Circulatory Urbanism
For the past 5 years, urbz has been following families who's lives are spread between Mumbai and their ancestral villages in the Konkan (Western India).
What would be your answer to ‘what’s home for you?’ Is it a place, a city, certain objects or an emotion? In a world where people are constantly migrating between the cities, towns and villages, the answer is not very evident. A person hails from a certain place, grew up in another, migrates towards job opportunities and may move again to follow dreams, leaving a trail of footprints across their personal circulatory life map. Little parts of each of these places make up the idea of ‘home’. At the constellation.s exhibition in Bordeaux, we tried to understand what ‘home’ meant to various visitors. The questions we asked them were ‘where do you live now?’, ‘where do you hail from?’, ‘what other places have you lived in?’ and ‘what is your ideal habitat?’. These questions take away from the idea that the house is synonymous with home. In an effort to investigate the relationship between the different spaces that the individual has occupied, we directed our questions to differentiate between the house, home, habitat and the ideal living condition.

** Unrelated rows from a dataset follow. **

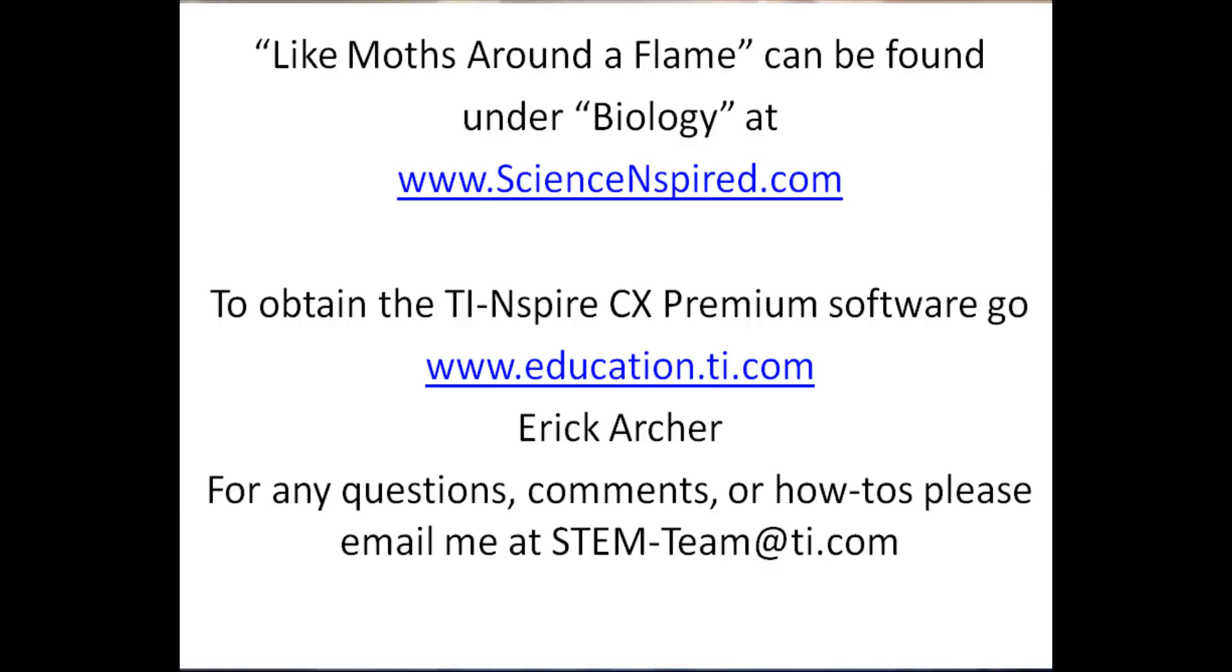If you'd like to work through this activity on your own, please go to our website at www.education.ti.com to download the TI-Inspire CX Premium software, and then download the file titled Like Moths Around a Flame from www.scienceinspired.com under the category Biology.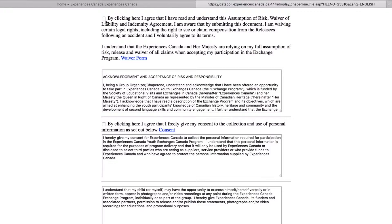As part of your registration, you will need to read, agree, and submit the waiver and consents. Once you submit your information, you are successfully registered.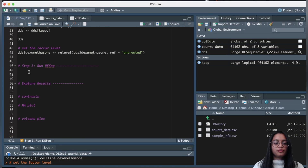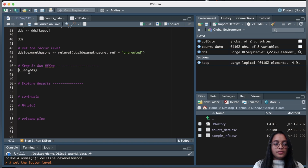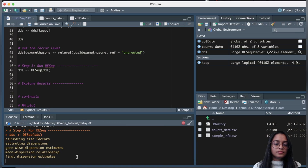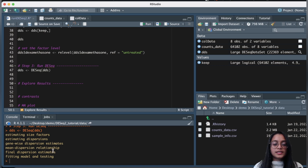Now we come to the third step: running the DESeq function on our DESeq dataset object and saving it back to the same object. We can see it is estimating size factors, estimating dispersions, working on gene-wise dispersion estimates, mean-dispersion relationship, final dispersion estimates, and fitting a model. We discussed all of these steps in my previous video, so please check that out if you want to understand what each step does.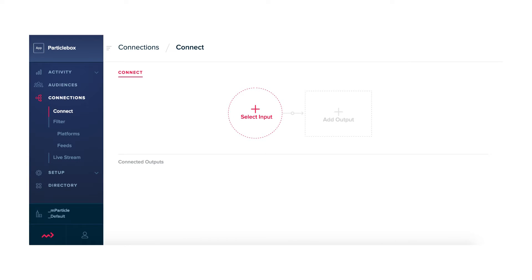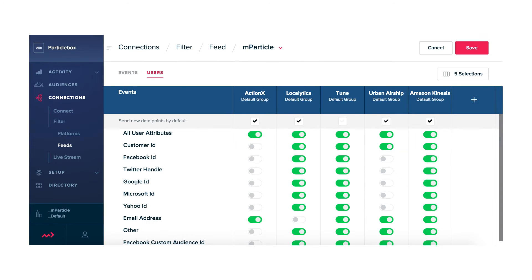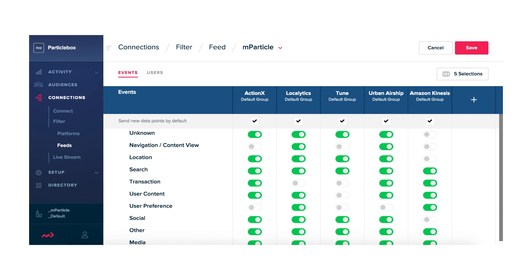We treat feeds as a different type of input source, and you have the full suite of capabilities when it comes to configuration, filtering, mapping, and granular controls that you would have with any other data input source.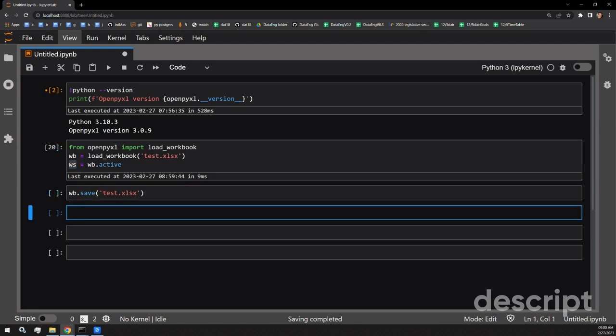So to group columns, it's very easy. All you have to do is call the column_dimensions attribute of the worksheet itself. And this column_dimensions attribute has a function called group. So let's get that column_dimensions here and get the group function started.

While the answers varied from individual to individual, a common expression for the ideal home emerged: home is not one place. For some, home was coming back from a long day and finding comfort in slipping into their bedroom slippers. For some, the ideal was picking little favourites from the various places they had lived in, and having it one place: their childhood house in the countryside, their friends from where they studied, their job from the city, their pool from a holiday house, their favourite food from their county and so on. For a lot of people, home was about the people that mattered, even if they were scattered across the globe. ‘Home’ could be multiple places which would move with people’s trajectories. For others, the ideal arrangement was in the movement of moving between the various places they were connected to. As one of the visitors put it, ‘home is not a place, it’s a condition’.